I didn't find the email thread after looking for a while.  What I
remember is that tile had operations that are not truly atomic (IIRC,
don't necessarily reload a whole cache line from memory, or some such).

> >> - reloads would not be a problem for the pattern used in the second
> >> version of the patch
> 
> > Yeah, one could speculate about what a compiler may or may not do in
> > this *specific* piece of code.  But that's not the level of abstraction
> > we want to use as base for our reasoning.
> 
> What is clear to me is that our reasonings and thought frameworks are so
> different that your personal preferences don't apply to my way of
> thinking, and vice versa.  Why is why I'm ok with answering questions
> you may have about synchronization patterns I'm familiar with in GNU
> libc, but not at all ok with writing the documentation.  From our
> discussions so far, I am sure any such documentation I write will be
> regarded as useless for you.

I won't say it's useless if you try to convey knowledge you have to
others.  I may disagree how it's done or expressed, or don't understand
what you're trying to say -- but even then I'd consider it input and a
start of something that just needs further iteration.
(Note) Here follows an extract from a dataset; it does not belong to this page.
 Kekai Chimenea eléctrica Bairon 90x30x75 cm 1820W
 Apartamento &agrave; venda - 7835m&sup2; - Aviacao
> Because you and I think in different
> terms, different primitives, different abstraction layers.  I'd build
> the reasoning from my perspective, and it wouldn't match yours.  And
> vice-versa.

I don't think this is a question of my perspective vs. your perspective.
Eventually, we want to have consensus in the project about how we,
collectively, document and reason about concurrency.  I've been arguing
for what I think is the right layers of abstractions, terminology,
memory model, etc., based on my experience in this field.  If that turns
out to be not what works best for the project, that's fine, but we need
to discuss this.  Everyone may have a favourite way of thinking, but the
project still needs a common "concurrency speak".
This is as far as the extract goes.